GPU Passthrough (VFIO)

Concept

VFIO (Virtual Function I/O) allows TDX guest to access GPU hardware directly:

  • Guest has direct GPU access (no hypervisor mediation)
  • Near-native performance
  • GPU memory isolated from host

Host Setup

Use scripts/setup-gpu-vfio script:

# List GPUs
./scripts/setup-gpu-vfio

# Setup GPU for TDX passthrough
sudo ./scripts/setup-gpu-vfio --setup 0000:01:00.0

# Restore GPU to normal usage
sudo ./scripts/setup-gpu-vfio --restore 0000:01:00.0

The script:

  1. Enables CC mode on GPU (disables pPCIe mode)
  2. Detaches GPU from NVIDIA driver
  3. Binds to vfio-pci driver
  4. Configures udev rules for permissions (?)

Manual setup: The script is essentially a wrapper over NVIDIA GPU admin tools. It may better suit your needs as the script is not tested for different setups.

QEMU Configuration

See scripts/cocoon-launch for full QEMU setup.

GPU passed to guest via: -device vfio-pci,host=<pci-address>

TDX Limitations

  • Currently only one GPU per guest is supported.
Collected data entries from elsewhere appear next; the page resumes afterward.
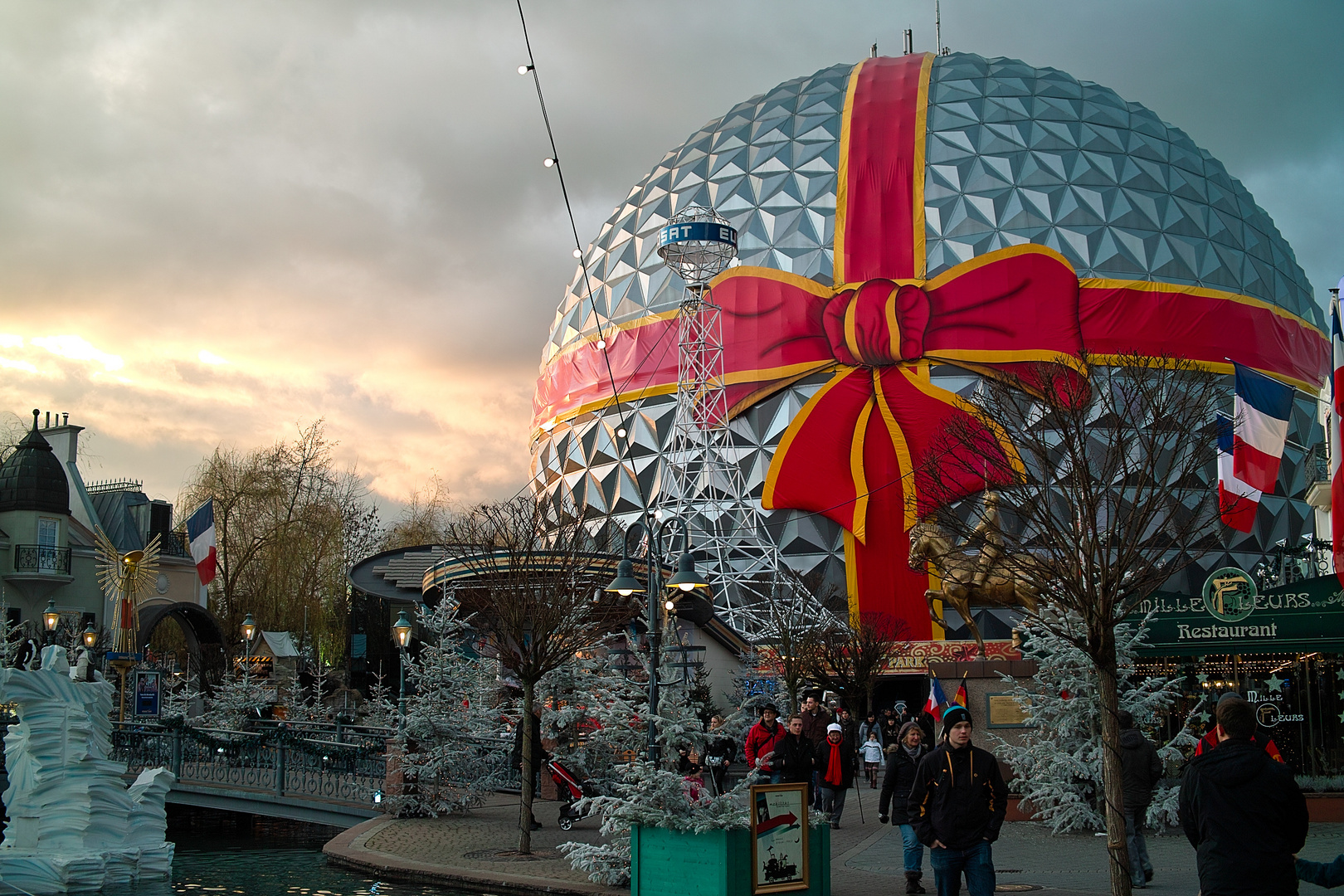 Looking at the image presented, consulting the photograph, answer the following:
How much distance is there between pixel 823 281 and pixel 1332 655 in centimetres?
2457

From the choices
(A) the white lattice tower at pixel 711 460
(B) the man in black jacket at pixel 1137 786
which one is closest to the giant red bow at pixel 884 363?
(A) the white lattice tower at pixel 711 460

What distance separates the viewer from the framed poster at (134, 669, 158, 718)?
30.4 metres

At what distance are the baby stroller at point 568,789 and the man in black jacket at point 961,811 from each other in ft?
32.8

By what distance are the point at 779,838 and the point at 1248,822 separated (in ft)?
18.2

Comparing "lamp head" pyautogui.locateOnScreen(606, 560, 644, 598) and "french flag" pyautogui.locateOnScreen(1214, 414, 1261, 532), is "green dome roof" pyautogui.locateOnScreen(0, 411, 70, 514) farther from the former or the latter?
"french flag" pyautogui.locateOnScreen(1214, 414, 1261, 532)

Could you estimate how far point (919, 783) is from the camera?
9430 mm

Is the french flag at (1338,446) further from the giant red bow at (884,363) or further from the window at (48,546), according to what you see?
the window at (48,546)

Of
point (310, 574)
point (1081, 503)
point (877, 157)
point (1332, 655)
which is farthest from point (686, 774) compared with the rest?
point (310, 574)

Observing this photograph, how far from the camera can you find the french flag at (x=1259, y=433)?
22.1 m

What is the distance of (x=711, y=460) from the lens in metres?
40.1

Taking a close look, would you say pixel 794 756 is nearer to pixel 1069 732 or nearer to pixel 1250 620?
pixel 1069 732

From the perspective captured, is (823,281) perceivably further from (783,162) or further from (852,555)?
(852,555)

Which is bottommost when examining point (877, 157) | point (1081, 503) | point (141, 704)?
point (141, 704)

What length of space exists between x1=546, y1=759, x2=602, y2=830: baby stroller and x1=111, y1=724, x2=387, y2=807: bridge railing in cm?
314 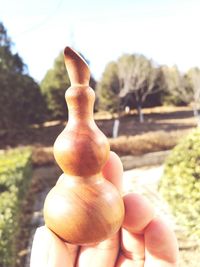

This restriction will be lifted in the future.

GPU Attestation

Basics

NVIDIA GPUs with CC support can generate hardware attestations similar to TDX:

  1. GPU has hardware attestation key (burned into GPU)
  2. GPU generates attestation including:
    • GPU model and VBIOS version
    • CC mode status (on/off)
    • Firmware measurements
  3. Attestation signed by NVIDIA's root keys

Verification at Boot

Implementation: reprodebian/gpu_attest/gpu_attest.py

During TDX guest boot (via systemd service nvidia-tdx.service, runs before cocoon-init):

  1. Script calls NVIDIA attestation SDK
  2. Generates GPU evidence with random nonce
  3. Verifies attestation against policy
  4. Checks: CC mode enabled, firmware signatures valid, certificates not revoked

If verification fails → guest boot fails (prevents running without valid GPU).

Policy: See reprodebian/gpu_attest/attest_policy.json

Checks include:

  • GPU architecture matches
  • Attestation signature verified
  • Certificate chains valid (not revoked)
  • VBIOS and driver measurements match
  • Nonce matches (prevents replay)

Current Limitation

GPU attestation currently requires updated VBIOS. If VBIOS is outdated:

  • Verification fails
  • Guest won't start
  • Contact NVIDIA support for VBIOS update

Integration with COCOON

GPU verification happens at boot, result not currently included in TLS certificate user claims.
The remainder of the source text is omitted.